Cultivation and the domestication of plants began in the Levantine Corridor, which runs from Dead Sea to the Damascus Basin, and quite probably outside Jericho. This is known because the earliest domesticated plants are all native to this region and radio-carbon dating reveals that horticultural activity began c9,000 BCE. Plants were cultivated by hand and with digging sticks, not with the plough, but the plants cultivated were all cereals and pulses, making ‘farming’ a better description of the activity than ‘gardening’ or ‘horticulture’ in the modern sense of ‘not ploughed’.
The first literary evidence of gardening comes from Sumer in Lower Mesopotamia. Gilgamesh mentions that his city (Uruk) was ‘one third gardens’ – but the gardens were were palm orchards. Some flowers may have been grown but the main purpose was growing food and the gardens are unlikely to have been beside houses. People lived on dry mounds (tells) and required irrigation to grow fruit and vegetables. The Garden of Eden was ‘located’ in Sumer but its status is mythological rather than historical.
China is another candidate for having made the first gardens but the only places we know of were more like National Parks than anything we would call a garden. Chinese imperial parks were fast tracts of wild landscape set aside for hunting, as at Changan. There were altars in the parks, and pavilions at a later date, and crops were cultivated but they are better described as parks than as ‘gardens’.
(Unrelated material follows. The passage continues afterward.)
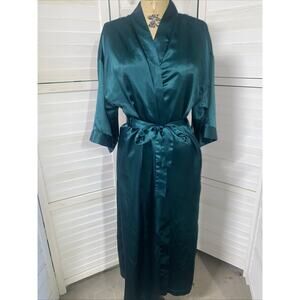 Vintage Dentelle Green Satin Full Length Robe Tie Waist Silky Bath Medium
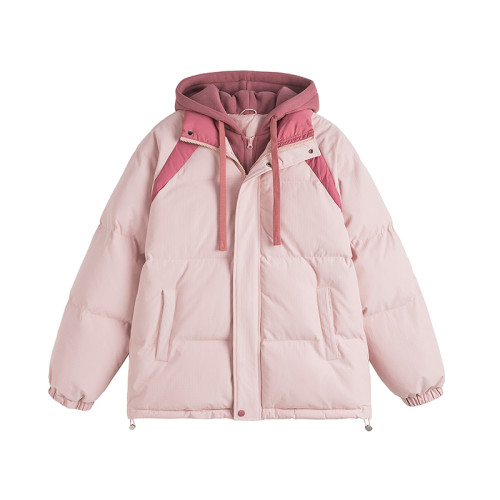 WASSUP Nuraya潮牌假兩件連帽棉衣男款冬季寬鬆休閒保暖棉襖外套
The next candidate country for having had the ‘world’s first garden’ is Egypt and since the Egyptians had gardens in the exact sense in which the word is now used, ‘Egypt’ is the best answer to the question ‘Where was the world’s first garden made?’ Some temple gardens (sanctuaries, like Karnak) survive in Egypt but the only representations of domestic gardens are paintings and models. The oldest garden layout known to archaeology may be at Passargadae in Iran.
So where was Europe’s first garden made? The possibilities are Crete, mainland Greece, Sicily and mainland Italy. The inhabitants of Greece (who did not speak Greek) were cultivators by 7000 BCE, which is 2000 years before the Egyptians, and practiced ornamental horticulture in classical times (500 BCE). But Europe’s first gardens in the modern sense of enclosed and planted spaces designed in conjunction with dwellings were probably in Italy – and the oldest surviving examples are certainly in Pompeii (above image courtesy John Keogh) with some of them made by Greek-speaking people.